Note: This op-ed originally appeared in the Economist and was written by The Sentry co-founders George Clooney and John Prendergast.
The world’s newest country, South Sudan, could have been holding its first free elections in 2017. Instead, it faces another year of strife. In the latest phase of the cyclical conflict that has plagued its people for decades, tens of thousands have died, 5m people face hunger or starvation and 1m have become refugees. Yet cleverer global action—especially involving Western banks—can stop the rot.
The local context is important: control of the state is the grand prize in the deadly contest for power. Factions based primarily on ethnic and historical allegiance compete violently for power and the massive opportunities for self-enrichment available through looting national budgets, exploiting natural resources and manipulating state contracts.
This winner-take-all competition for the spoils is the main source of war. Witness how, when President Salva Kiir removed Vice-President Riek Machar from office in 2013, it took only a few months before their two competing factions went to war. After a peace deal allowed Mr Machar to return to Juba in 2016, the groups soon fell out again, plunging the country deeper into conflict. A combination of grievance and greed, connected by extreme corruption, powers the ongoing violence
South Sudan could be fabulously wealthy; it has abundant natural resources, including oil and gold. But that dream, felt acutely by most South Sudanese on independence in 2011, has become a nightmare. Billions of dollars in oil money have gone missing.
If this rot—the competitive looting of the state—is not stopped there is little chance of ending the violence, as documented in a report by our new investigative initiative, The Sentry. But the task in 2017 is to identify the financial drivers of war and begin to dismantle the violent kleptocratic system. Mistaken for a call for regime change, it is actually about system change. This reform agenda is a prerequisite for lasting peace, in South Sudan and in other states around the world where illicit financial flows fuel bloody conflict.
Hit them where it hurts
Responses to South Sudan’s chaos are currently ineffectual. The sound and fury of international indignation signify nothing to the orchestrators of atrocity because there is no enforcement. We counted 65 times in which senior officials around the world have threatened South Sudan’s leaders with consequences, but failed to take any meaningful action, since the latest war began in 2013. Its generals and politicians are largely unmoved by damning human-rights reports or press releases, UN Security Council protests, the deployment of peacekeeping troops, threats of arms embargoes and the unenforced sanctioning of mid-ranking officials. None of these responses affects the calculations of the warring parties because they do not target their pressure points and vulnerabilities.

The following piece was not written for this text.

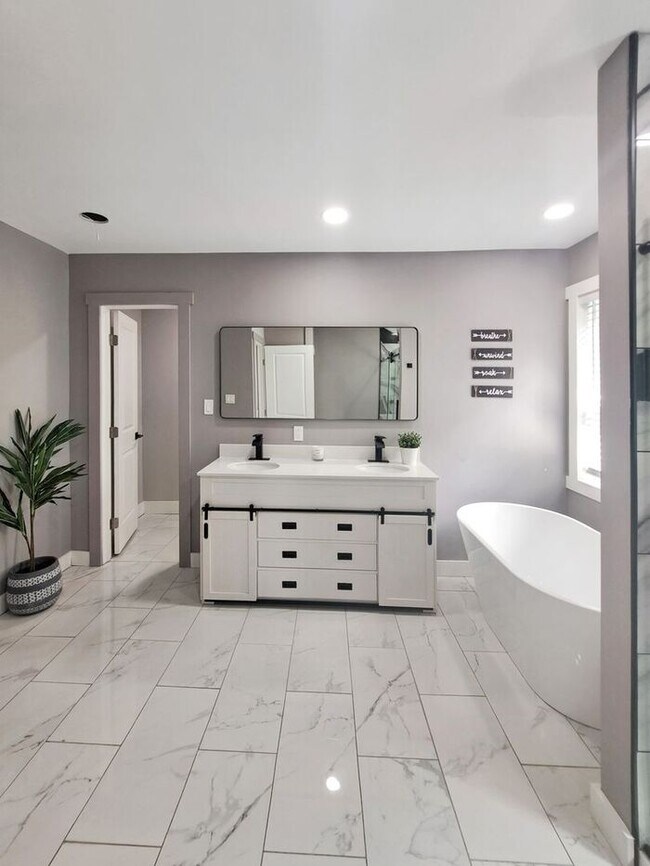 Building Photo - Coming Soon! Mid Century Modern Cape Cod i...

A more effective approach requires going after the ill-gotten assets of warlords and their foreign facilitators, including businesses and arms dealers, because that is where they are most vulnerable. Experience from efforts in countering terrorism, nuclear proliferation and organised crime is instructive. The lessons include combining measures against money laundering with targeted asset freezes on war leaders and their accomplices. All this requires robust enforcement by banks. In the most successful cases, targeted officials are locked out from the financial system, creating real international leverage.
It’s simple: go after the warlords’ wallets, bankrupt those who choose the bullet over the ballot, and suddenly the incentives are for peace, not war; transparency, not corruption. This is a lesson that policymakers could apply far beyond South Sudan, particularly in the effort to prevent mass atrocities.

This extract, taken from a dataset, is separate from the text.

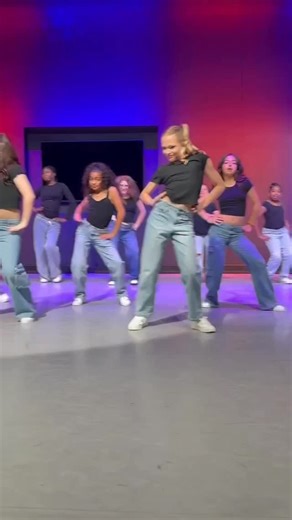 This year marks the 50th anniversary of @chicagomusical. A show that forever changed musical theatre with its sultry jazz hands, sharp choreography, and unforgettable score. Our RISE Musical Theatre students honored this legacy in class with their own take on All That Jazz. The next generation of Broadway stars is already in the making here at #DADA 🌟 To learn more and request an audition: DebbieAllenDanceAcademy.com/RISE #musicaltheatre #allthatjazz #musicals #broadwaybound #kidswhosing #kinds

Countless South Sudanese journalists, human-rights investigators, anti-corruption activists, government reformers and humanitarians are risking their lives to change the system. Highlighting their work globally is crucial, as we do in supporting the Aurora Prize, a global humanitarian award. Bringing international pressure to bear on war leaders would further level the playing field for these champions of civil society.

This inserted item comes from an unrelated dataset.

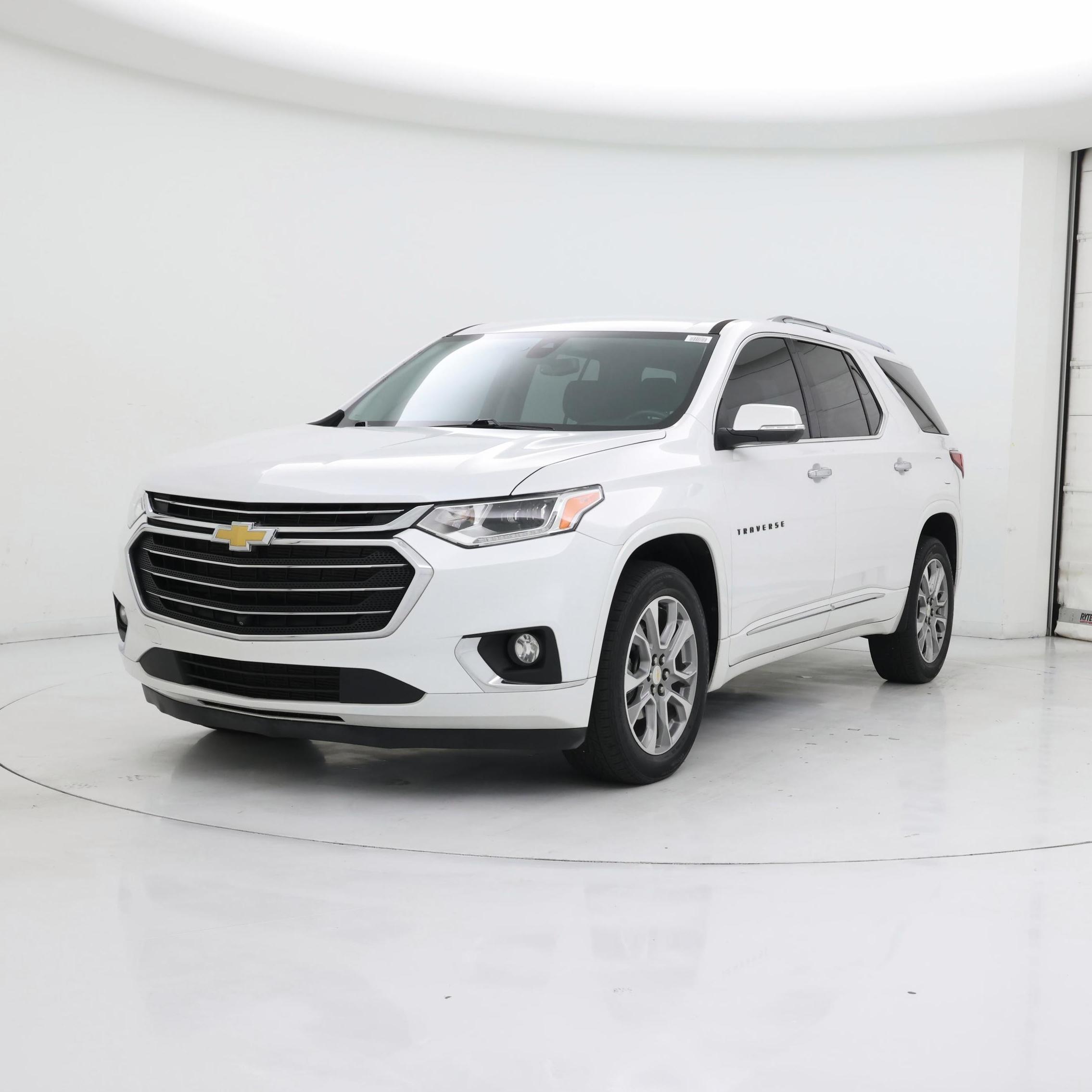 Thumbnail: 2021 Chevrolet Traverse - 4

The coming year will provide multiple opportunities to translate talk into action. The G20 will launch its latest anti-corruption plan. A UN fact-finding mission on South Sudan’s conflict will report in March. Mr Kiir and Mr Machar, long-time rivals, will have a final chance to drag their country back from the abyss, or step aside for others with less of an interest in disorder.
The world must undermine the pillars of the war economy and disrupt the financial flows that fuel conflict. Western taxpayers and charitable donors have contributed billions of dollars for peacekeeping and humanitarian aid, but policymakers have rarely focused on the key driver of the carnage. Unless the links between conflict and corruption are confronted, peace will remain a distant dream.